A Shared History
A Shared History
The world was a different place in March 1912.
Major league baseball hadn’t gone farther west than St. Louis. The Titanic had yet to sail and sink. World War I was still two and a half years away.
And in Longmont, Colorado, a community of roughly 4,300 people, the power poles were beginning to rise.
This month marks the 110th anniversary of Longmont providing its own electricity. It’s a moment that almost snuck by this year. Maybe that’s understandable – after all, reliable and affordable public power has been a fact of life here for a very long time.
But it’s worth acknowledging. After all, we’re here because people like you cared.
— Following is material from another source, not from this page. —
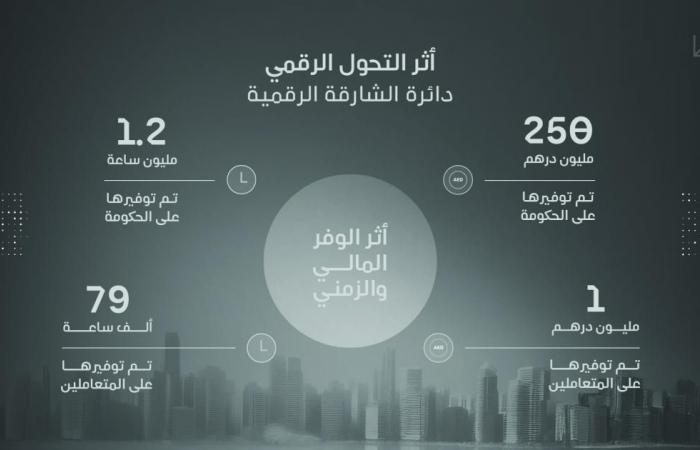 «الشارقة الرقمية» تدفع التحوُّل بتعزيز الكفاءة والاستدامة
There’s a whole history of how we came to be, but the quick version is simple: it took a fight. Longmont homes and businesses hated the service they were getting from the Northern Colorado Power Company – service so limited that electric lights could only be operated between 6 p.m. and 8 p.m. each day. Many said they would rather go back to kerosene than stay with Northern.
So in 1911, Longmont voted to build its own hydroelectric plant near Lyons and transmission lines. (Yes, even then we were into non-carbon energy!) Northern fought it in court but on March 7, a judge gave Longmont the go-ahead. Within a week, the city hooked up 600 new electric connections.
If the origin story sounds similar to a certain community-owned broadband service that won an election 100 years later, it shouldn’t be surprising. Longmont has evolved a lot over the years, but its residents have always kept an eye on what the community needed to grow and succeed. That’s why we have LPC’s reliable power. And NextLight’s blazing fast internet service. And a spirit that uses both to continually transform this community.
So thank you. Thank you for keeping the spirit of 1912 alive and this community strong.
Then and now, our most precious power source is you.